MATERIAL FOR THE TASK:

________________________________________

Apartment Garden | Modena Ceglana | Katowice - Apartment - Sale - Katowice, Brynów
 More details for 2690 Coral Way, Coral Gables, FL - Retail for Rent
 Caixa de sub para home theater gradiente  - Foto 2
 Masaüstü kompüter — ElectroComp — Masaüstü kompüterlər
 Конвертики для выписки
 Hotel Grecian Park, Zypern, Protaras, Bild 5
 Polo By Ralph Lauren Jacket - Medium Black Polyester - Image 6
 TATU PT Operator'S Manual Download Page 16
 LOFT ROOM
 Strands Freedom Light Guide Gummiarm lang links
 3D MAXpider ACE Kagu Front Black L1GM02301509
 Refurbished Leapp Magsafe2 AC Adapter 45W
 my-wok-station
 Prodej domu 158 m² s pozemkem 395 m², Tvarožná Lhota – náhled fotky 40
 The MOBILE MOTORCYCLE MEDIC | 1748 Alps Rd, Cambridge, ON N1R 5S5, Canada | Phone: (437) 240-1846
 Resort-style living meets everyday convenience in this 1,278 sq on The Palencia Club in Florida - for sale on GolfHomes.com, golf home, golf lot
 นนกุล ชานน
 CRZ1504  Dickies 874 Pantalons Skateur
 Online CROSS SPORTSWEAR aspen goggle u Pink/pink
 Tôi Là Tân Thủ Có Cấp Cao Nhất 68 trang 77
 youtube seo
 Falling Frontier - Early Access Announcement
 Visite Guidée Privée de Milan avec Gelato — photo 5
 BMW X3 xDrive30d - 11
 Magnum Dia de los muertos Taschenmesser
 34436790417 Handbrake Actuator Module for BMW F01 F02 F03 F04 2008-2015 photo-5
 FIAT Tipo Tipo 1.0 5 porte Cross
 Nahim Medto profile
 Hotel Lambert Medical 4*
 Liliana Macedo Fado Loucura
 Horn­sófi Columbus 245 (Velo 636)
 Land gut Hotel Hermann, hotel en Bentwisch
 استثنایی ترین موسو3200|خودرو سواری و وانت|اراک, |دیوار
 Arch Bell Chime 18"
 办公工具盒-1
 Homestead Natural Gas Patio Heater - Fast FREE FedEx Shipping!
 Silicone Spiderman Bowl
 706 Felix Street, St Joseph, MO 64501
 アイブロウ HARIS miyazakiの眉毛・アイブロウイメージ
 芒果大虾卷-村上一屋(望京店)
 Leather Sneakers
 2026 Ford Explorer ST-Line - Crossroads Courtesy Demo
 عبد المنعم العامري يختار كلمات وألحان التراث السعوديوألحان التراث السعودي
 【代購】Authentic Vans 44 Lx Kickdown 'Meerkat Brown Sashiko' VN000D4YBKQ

________________________________________

ACTION ITEM: The full listing above is to be copied exactly, line for line.

SOLUTION:
Apartment Garden | Modena Ceglana | Katowice - Apartment - Sale - Katowice, Brynów
 More details for 2690 Coral Way, Coral Gables, FL - Retail for Rent
 Caixa de sub para home theater gradiente  - Foto 2
 Masaüstü kompüter — ElectroComp — Masaüstü kompüterlər
 Конвертики для выписки
 Hotel Grecian Park, Zypern, Protaras, Bild 5
 Polo By Ralph Lauren Jacket - Medium Black Polyester - Image 6
 TATU PT Operator'S Manual Download Page 16
 LOFT ROOM
 Strands Freedom Light Guide Gummiarm lang links
 3D MAXpider ACE Kagu Front Black L1GM02301509
 Refurbished Leapp Magsafe2 AC Adapter 45W
 my-wok-station
 Prodej domu 158 m² s pozemkem 395 m², Tvarožná Lhota – náhled fotky 40
 The MOBILE MOTORCYCLE MEDIC | 1748 Alps Rd, Cambridge, ON N1R 5S5, Canada | Phone: (437) 240-1846
 Resort-style living meets everyday convenience in this 1,278 sq on The Palencia Club in Florida - for sale on GolfHomes.com, golf home, golf lot
 นนกุล ชานน
 CRZ1504  Dickies 874 Pantalons Skateur
 Online CROSS SPORTSWEAR aspen goggle u Pink/pink
 Tôi Là Tân Thủ Có Cấp Cao Nhất 68 trang 77
 youtube seo
 Falling Frontier - Early Access Announcement
 Visite Guidée Privée de Milan avec Gelato — photo 5
 BMW X3 xDrive30d - 11
 Magnum Dia de los muertos Taschenmesser
 34436790417 Handbrake Actuator Module for BMW F01 F02 F03 F04 2008-2015 photo-5
 FIAT Tipo Tipo 1.0 5 porte Cross
 Nahim Medto profile
 Hotel Lambert Medical 4*
 Liliana Macedo Fado Loucura
 Horn­sófi Columbus 245 (Velo 636)
 Land gut Hotel Hermann, hotel en Bentwisch
 استثنایی ترین موسو3200|خودرو سواری و وانت|اراک, |دیوار
 Arch Bell Chime 18"
 办公工具盒-1
 Homestead Natural Gas Patio Heater - Fast FREE FedEx Shipping!
 Silicone Spiderman Bowl
 706 Felix Street, St Joseph, MO 64501
 アイブロウ HARIS miyazakiの眉毛・アイブロウイメージ
 芒果大虾卷-村上一屋(望京店)
 Leather Sneakers
 2026 Ford Explorer ST-Line - Crossroads Courtesy Demo
 عبد المنعم العامري يختار كلمات وألحان التراث السعوديوألحان التراث السعودي
 【代購】Authentic Vans 44 Lx Kickdown 'Meerkat Brown Sashiko' VN000D4YBKQ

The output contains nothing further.